WEEK 9: International Money and Banking, continued
The next two lectures use the Treynor model to understand how exchange rates are determined in dealer markets. In the second, we confront directly the puzzle we observed earlier in the course, namely why uncovered interest parity (UIP) fails to hold in real world markets.
WEEK 10: Banking as Advance Clearing
The next four lectures extend the money view to the larger financial world of capital markets, where the price of risk is determined in dealer markets for swaps of various kinds. The first lecture is a kind of conceptual introduction, while the second translates the standard finance account of forwards and futures into money view terms, as a key building block for what comes after.
WEEK 11: Banking as Advance Clearing, continued
In the modern economy, the price of risk is determined in swap markets that distinguish specific forms of risk, most importantly interest rate swaps and credit default swaps. The Treynor model can be adapted to understand how the price of risk is formed in dealer markets.
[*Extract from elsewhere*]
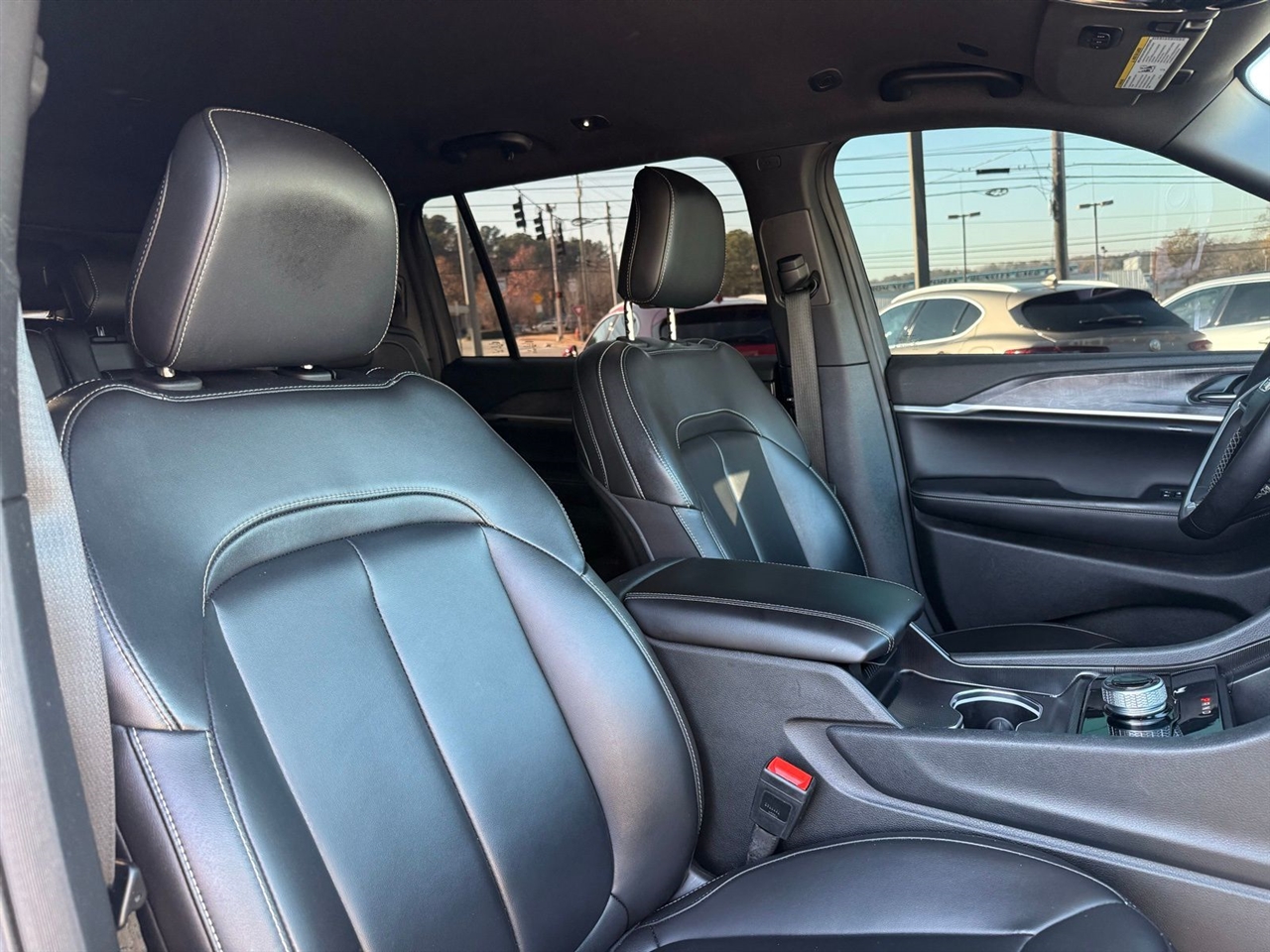 Jeep Grand Cherokee L Limited 4x2 2024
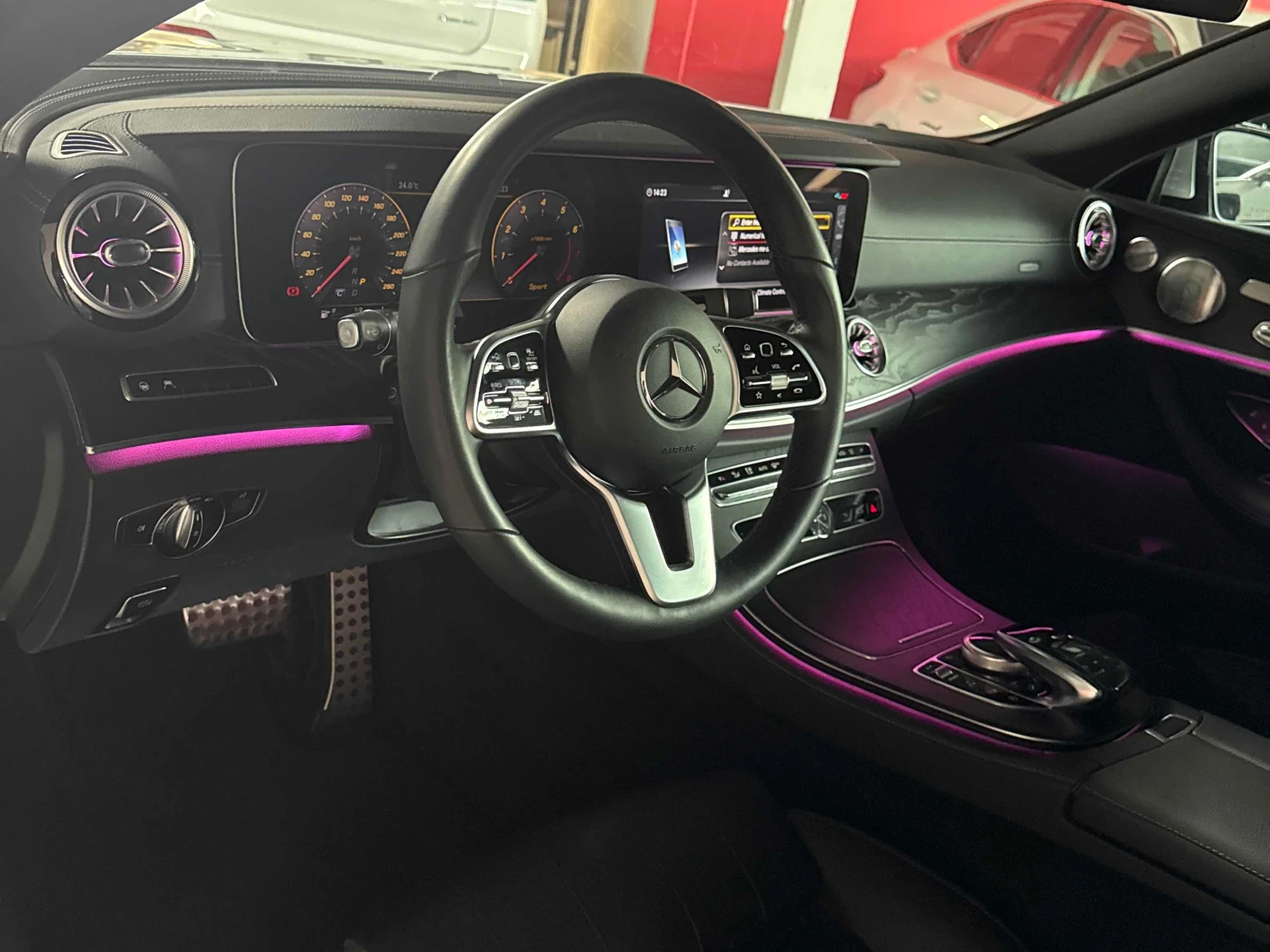 Mercedes-Benz E 450 * * CARFAX * * АВТО КРЕДИТ * * , снимка 6 - Автомобили и джипове - 54902241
WEEK 12: Money in the Real World
In this final module, we bring the entire course together. These two lectures build on everything that came before, and show how all the pieces fit together into a unified whole. Specifically, the first lecture uses the conceptual apparatus of the money view to make sense of shadow banking as the quintessential form of banking for the modern financially globalized world. And the second lecture shows how the conceptual apparatus of the money view fits with standard economics view and finance view, by drawing attention to dimensions of the world from which the standard views abstract.
WEEK 13: Final Exam
The previous module operated in effect as a review of the entire course, so if you were able to make sense of those lectures, you are ready for the final. But maybe you first want to have a look back at the second lecture, “The Natural Hierarchy of Money”, for a high-level summary of the essential concepts of the money view. For almost everybody, the money view is a new and unfamiliar way of thinking about the world, and it takes a while to get used to it.
The purpose of this course is to plant the seed, by demonstrating the value of this way of thinking for making sense of real-world problems. Once you are done with the final exam, the real work begins, of using the money view to make sense of whatever real-world problems confront you in your own daily life.